Now this question, as every other with which I am acquainted, can only be answered by experiment. And I commenced a series of experiments to arrive at a conclusion one way or the other.

It is obvious that this is not a scientific inquiry—but one for the practical teacher.

And just as in experimental researches the skilful manipulator will demonstrate a law of nature, the less skilled manipulator will fail; so here, everything depended on the manipulation. I was not sure that this power lay hidden in the mind, but to put the question fairly would surely demand every resource of the practical art of education.

And so it proved to be; for after many years of work, during which the conception of four-dimensional bodies lay absolutely dark, at length, by a certain change of plan, the whole subject of four-dimensional existence became perfectly clear and easy to impart.

There is really no more difficulty in conceiving four-dimensional shapes, when we go about it the right way, than in conceiving the idea of solid shapes, nor is there any mystery at all about it.

When the faculty is acquired—or rather when it is brought into consciousness, for it exists in every one in imperfect form—a new horizon opens. The mind acquires a development of power, and in this use of ampler space as a mode of thought, a path is opened by using that very truth which, when first stated by Kant, seemed to close the mind within such fast limits. Our perception is subject to the condition of being in space. But space is not limited as we at first think.

The next step after having formed this power of conception in ampler space, is to investigate nature and see what phenomena are to be explained by four-dimensional relations.

But this part of the subject is hardly one for the same worker as the one who investigates how to think in four-dimensional space. The work of building up the power is the work of the practical educator, the work of applying it to nature is the work of the scientific man. And it is not possible to accomplish both tasks at the same time. Consequently the crown is still to be won. Here the method is given of training the mind; it will be an exhilarating moment when an investigator comes upon phenomena which show that external nature cannot be explained except by the assumption of a four-dimension space.

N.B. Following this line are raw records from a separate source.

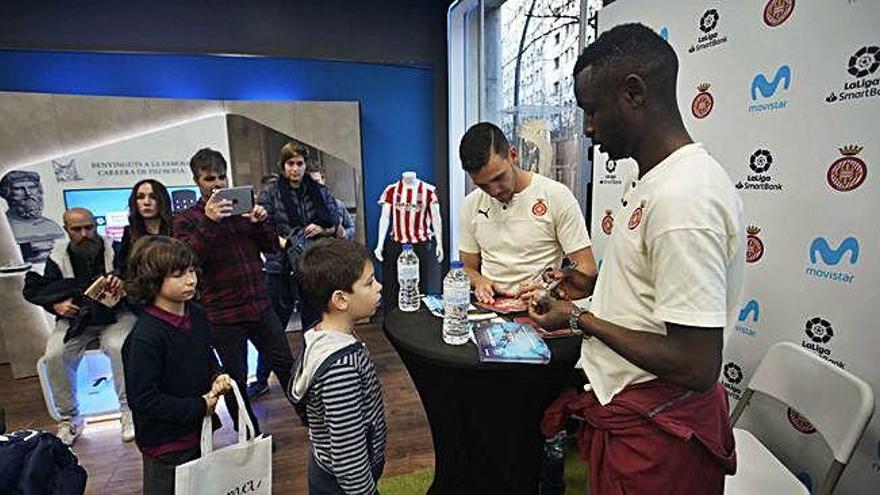 Gallar i Diamanka signant ahir autògrafs a dos joves aficionats del Girona.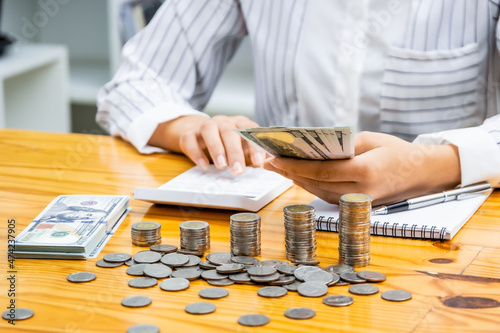 business women holding banknotes and calculating money, women saving money for household expenses Monthly utility bills, family budget calculations, investment or personal savings strategies.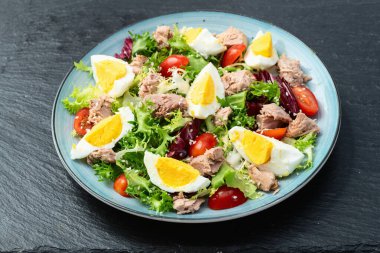 Yumurta ve domates fotoğraflı konserve ton balığı salatası. Kırsal arkaplanda üst görünüm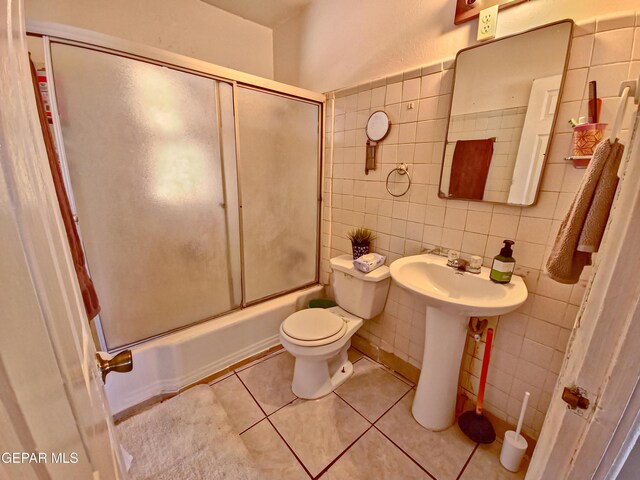 7726 Monterrey Dr, El Paso, TX 79915 - bathroom with tile patterned flooring, toilet, a sink, combined bath / shower with glass door, and tile walls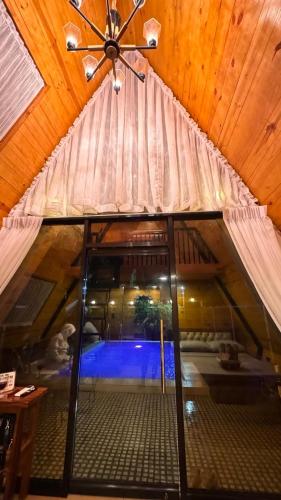 an attic room with a view of a pool at CD NATUREVIEW in Matangtubig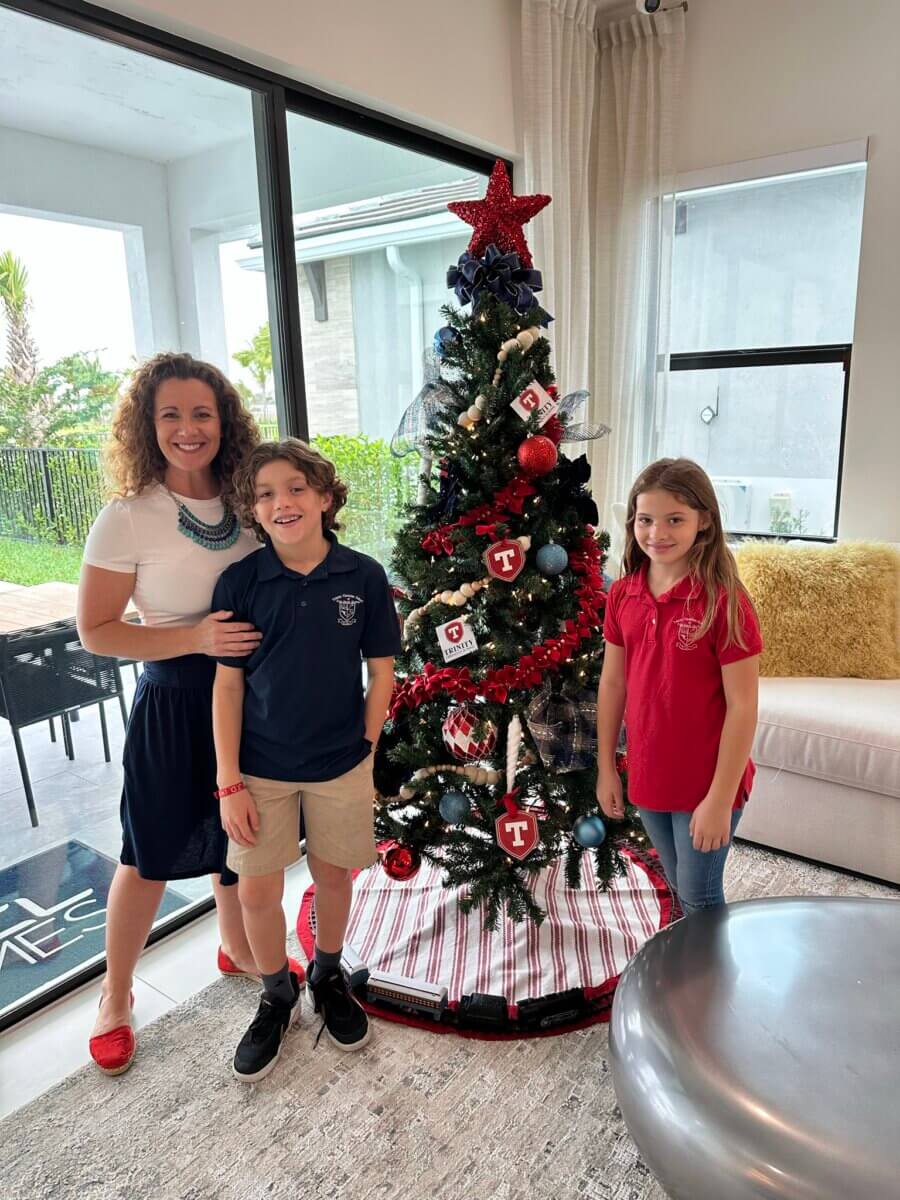 A woman and two children from an Akel Homes community stand next to a decorated Christmas tree inside a living room. The room boasts a large window with a patio view.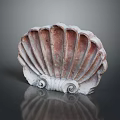 Decorative Scallop Shell Ornament With Red White Color And Spiral Base On Reflective Surface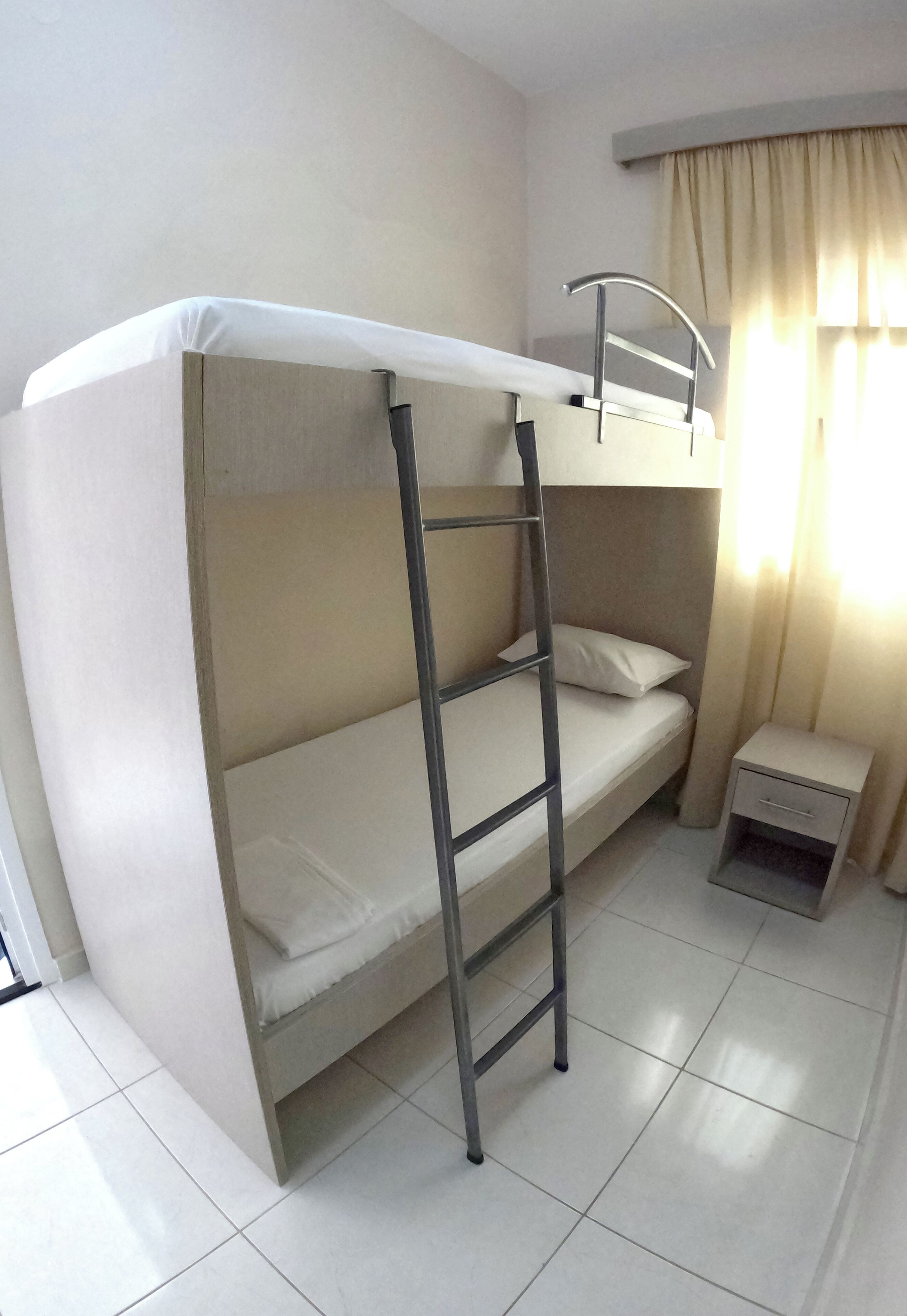 A bunk bed with a ladder, a bedside table, and a window with curtains.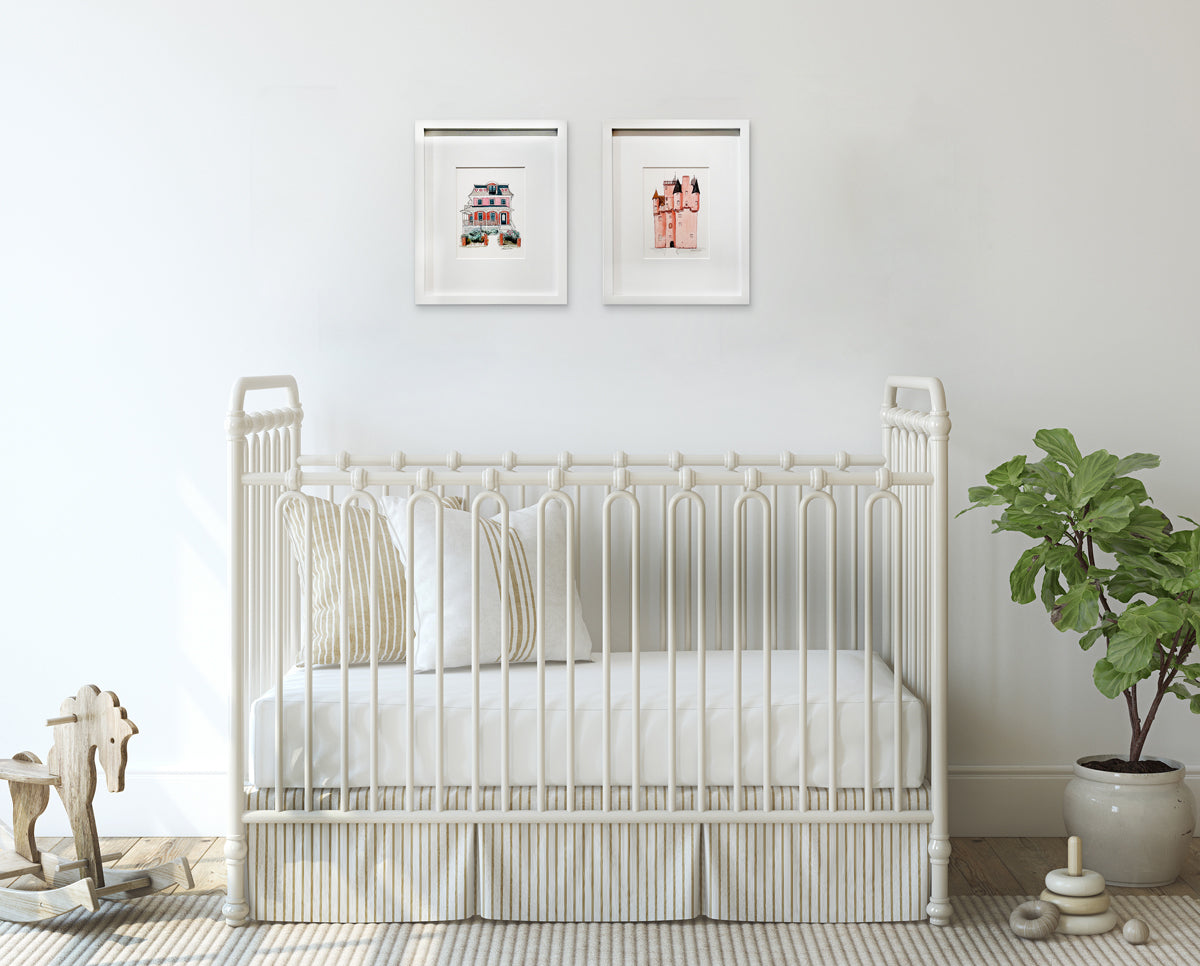 Two architectural illustration drawings in white frames with mats hang on a white wall above a white iron crib with neutral bedding, a wooden rocking horse and a potted floor plant.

The thought of the past ages has used the conception of a three-dimensional space, and by that means has classified many phenomena and has obtained rules for dealing with matters of great practical utility. The path which opens immediately before us in the future is that of applying the conception of four-dimensional space to the phenomena of nature, and of investigating what can be found out by this new means of apprehension.

In fact, what has been passed through may be called the three-dimensional era; Gauss and Lobatchewski have inaugurated the four-dimensional era.